Hey guys! It’s been a month. Uni started up again, and I think it’s going well so far. One assignment handed in, and waiting for the grade on that is gnawing on my nerves. Still, I’m more on top of things than I usually am. I’m even getting most of my readings done! (I know, right?!) Uni has been taking precedent, though, so I didn’t blog nearly as often as I wanted to this month. I also realised that blogging on Tuesdays – my busiest and longest days – isn’t working particularly well. Life happens, schedules change, so I’m moving blog posts to Wednesdays and Saturdays, at least until June. Half of you live in America and it’ll be still Tuesday where you are anyway, so no worries there.
I got myself some new Dr Martens – my old 1914s had rips in the leather – and I’m breaking the fuckers in, so I don’t love them so much at the moment. I do love the T-bar “Polley” shoes I got to go along with them. Soooo cute. Pictures to come, probably.
I need to reread some Discworld books. I miss Sir Pterry’s wisdom, and it’s been a long, long time for some of them.
Criminy, what have I been watching lately? Not much, really. Videos on Youtube… Let’s Plays, mostly. I’ve been watching a run-through of Hollow Knight and it’s just the most beautiful game. Not sure I’d buy it… it’s the sort of thing that will sit on my Steam wishlist until a Summer Sale in three years at which point I’ll buy it for 85% off and then play it about three times. It’s gorgeous but, like Spelunky, I think it’s the sort of game I’d die at 15 times in a row and then ragequit.
Lorde’s new tracks. Green Light took a few listens to start to grow on me. Liability I liked from the off, mostly because it has some great lines in the first stanza. “Says he made the big mistake of dancing in my storm.” Nice.
This semester I’m doing two history papers. Last year I took a history paper for the first time, at 300-level, and had no idea what I was doing. My first assignment I got a B-. But for my final essay, 50% of the grade, I got an A. I worked hard to improve, I improved, I felt amazing. So now I have two history papers this semester, and one next semester (two if I don’t manage to get into the poetry-writing paper), and I’m starting to wonder if I can get into a postgraduate programme. If I get an A average across my history papers, I could get a scholarship. That’s filed in the “not too bloody likely” box, sure, but still, maybe a postgraduate diploma is within reach. And then if I do well in that I could get a one-year Masters degree.
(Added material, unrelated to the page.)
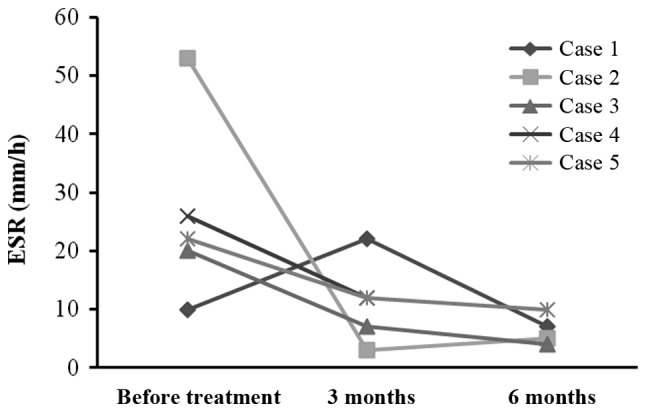 圖3:每位患者在治療前后的ESR。3例患者血沉明顯下降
So basically I’m spending a lot of my downtime daydreaming about future education possibilities and brainstorming thesis topics.
I do really regret that university is taking time from writing. I only get something done about once or twice a week now, which sucks. It’s easy to say “make time”, but I’m having trouble identifying my priorities at the moment. I had a major issue with it this week and I had to sit down and go over all my goals and sort out my “Next Actions” list and everything because there was too much and I was so frantic about having to do everything at once I couldn’t concentrate.
Regardless, I do need to be better at making time. I have all these ideas. I’ve been doing these prompts from writingexercises.co.uk, and old ideas and characters that need a home have been surfacing and blending together and creating possibilities, and that’s exciting. Right now I’m not running with anything, but I’m taking notes and I’m glad the ideas have been sparked. Honestly I have so much left to edit with Sin Eater and I want to get that done and started on Draft Two before I dive into a brand new MS.
Yooooo did you hear?! Those rumours about Flynn asking for immunity in exchange for information were true! This whole thing is like a Showtime drama or something, I mean holy shit. It’s exciting. Now the unfortunate matter is it’s all happening against a backdrop of flat-out cartoonish supervillainy, with environmental protections, healthcare, and science itself thrown out the window, harming millions of people and the very future of the planet. From afar, i.e. the other side of the Pacific ocean, it’s easy to get caught up in the shiny dramatic shit. Happily (or sadly), there’s a steady stream of “oh my god, no” on my twitter feed to keep me grounded.
Even so. Could it be…? Dare we hope….?
For a big pile of money to land on my head. Not literally, of course. That would probably kill me. But like…. maybe ten million dollars? I could buy a nice house and not need to worry about paying the bills. I could do postgrad without needing to stress about how I was going to afford the bus fare.
Making me happy
At the moment, simple pleasures. A good night’s sleep. (I haven’t had one of those in about a week and a half.) Watching the skinks scuttle for shelter when I walk out into the garden. Throwing the ball for the dogs. Notebooks. Feeding the sparrows in the park. It’d weird, actually. I’m getting so much out of these little things at the moment. I can only imagine it’s the sleep deprivation driving me mad.